Guest blog post taken from content presented by Dr. Steven F. Sopher, OD, Lens ‘n Eye, from the Eyemaginations Premium Webinar Series
Age-Related Macular Degeneration(AMD) affects approximately 15 million people in the U.S. and is the leading cause of blindness over age 55. AMD impairs central vision, is irreversible, and currently has no cure.
As gatekeepers of eye care, optometrists play a critical role in preventing vision impairment from macular degeneration. The role of nutrition, including carotenoid intake, is receiving increasing attention for its potential in preventing age-related macular degeneration.
Doctors have been searching for what can protect the macula from age-related macular degeneration. Oxidative stress is considered to be an important, but modifiable, factor in the etiology of AMD. So, while we know that AMD is an oxidative process, what causes this oxidation?

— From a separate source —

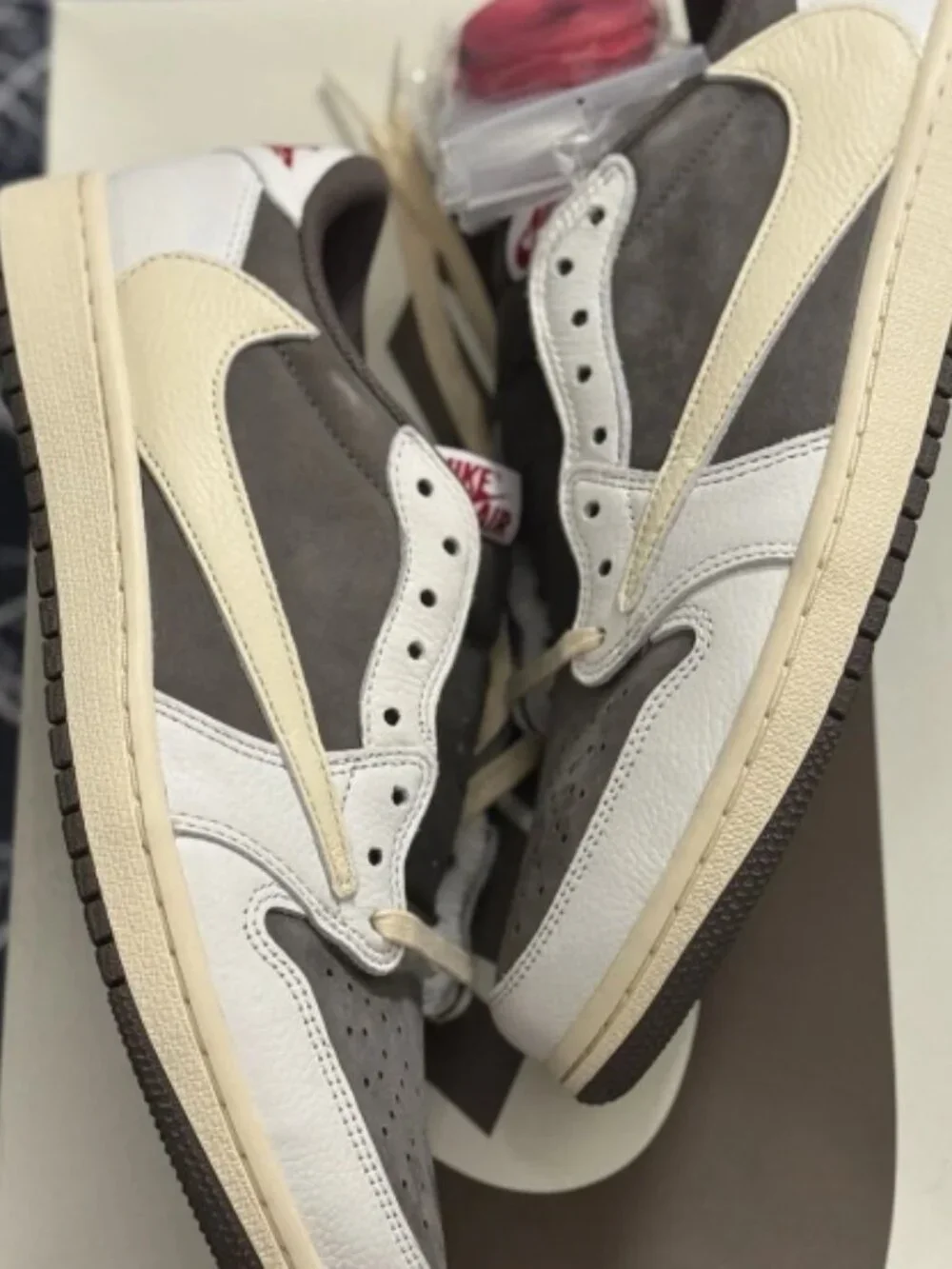 Jordan 1 Retro Low OG SP Travis Scott Reverse Mocha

Oxidative damage is caused primarily thru two mechanisms:
- production of reactive oxygen species (free radicals or unstable molecules)
- Photo-oxidative damage to the photoreceptors and the posterior retinal pigment epithelium (RPE)
Both mechanisms lead to oxidized lipids, particularly, polyunsaturated fatty acids, which are incompletely eliminated through the choroidal circulation and accumulated under the photoreceptors in the form of drusen that characterize early-stage maculopathy.
So what really protects us?
Research shows that what protects us is macular pigment. Macular pigment plays an important role in protecting against ocular damage, optimizing visual function and minimizing AMD pathogenesis.
The carotenoids, lutein, zeaxanthin and meso-zeaxanthin make up the macular pigment layer. The carotenoids scavenge free radicals, minimizing the ability of these reactive oxygen species to damage cell membranes. Additionally, the carotenoids filter UV-Blue light reducing photo-oxidative damage to the photoreceptors and the retinal pigment epithelium cells.
The practice of primary care optometry has changed dramatically in the last decade in terms of managing patients at risk for AMD or with active disease. And as primary care optometrists, we now play a much more active role in diagnosing, monitoring and treating AMD.
The initial clinical evaluation should include the features typical of a comprehensive adult medical eye examination with particular attention to screening protocols for evaluation of AMD risk.
Since there is growing and compelling evidence concluding that insufficient levels of macular pigment density substantially increase the risk for developing macular degeneration by as much as 40 percent, we must incorporate technology that can measure macular pigment density and include this as part of every comprehensive eye examination that we perform.